**WHAT YOU SHOULD DO**
From the data below, repeat exactly the lines from the line with "Chiffon Knee Length" to the line with "Mr_Ophaug's tweet image.", both included.

**SOURCE INFORMATION**
--- --- ---
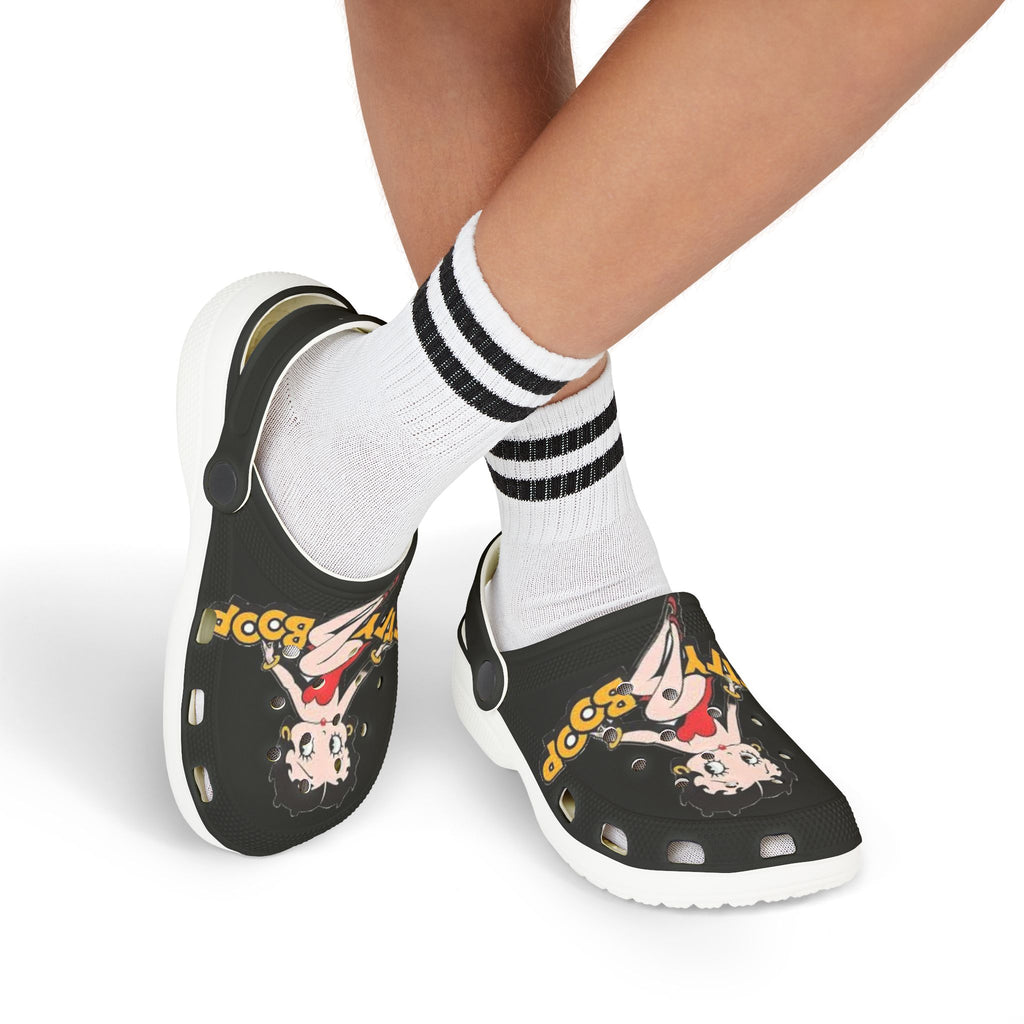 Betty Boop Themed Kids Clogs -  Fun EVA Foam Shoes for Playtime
--- --- ---
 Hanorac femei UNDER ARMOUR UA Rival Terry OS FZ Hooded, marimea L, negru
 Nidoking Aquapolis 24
--- --- ---
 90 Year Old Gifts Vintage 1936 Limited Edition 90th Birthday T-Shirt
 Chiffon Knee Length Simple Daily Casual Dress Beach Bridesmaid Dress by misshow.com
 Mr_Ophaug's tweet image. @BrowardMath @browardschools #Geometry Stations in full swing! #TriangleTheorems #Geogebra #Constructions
--- --- ---
**RESPONSE TO THIS EXERCISE**
 Chiffon Knee Length Simple Daily Casual Dress Beach Bridesmaid Dress by misshow.com
 Mr_Ophaug's tweet image. @BrowardMath @browardschools #Geometry Stations in full swing! #TriangleTheorems #Geogebra #Constructions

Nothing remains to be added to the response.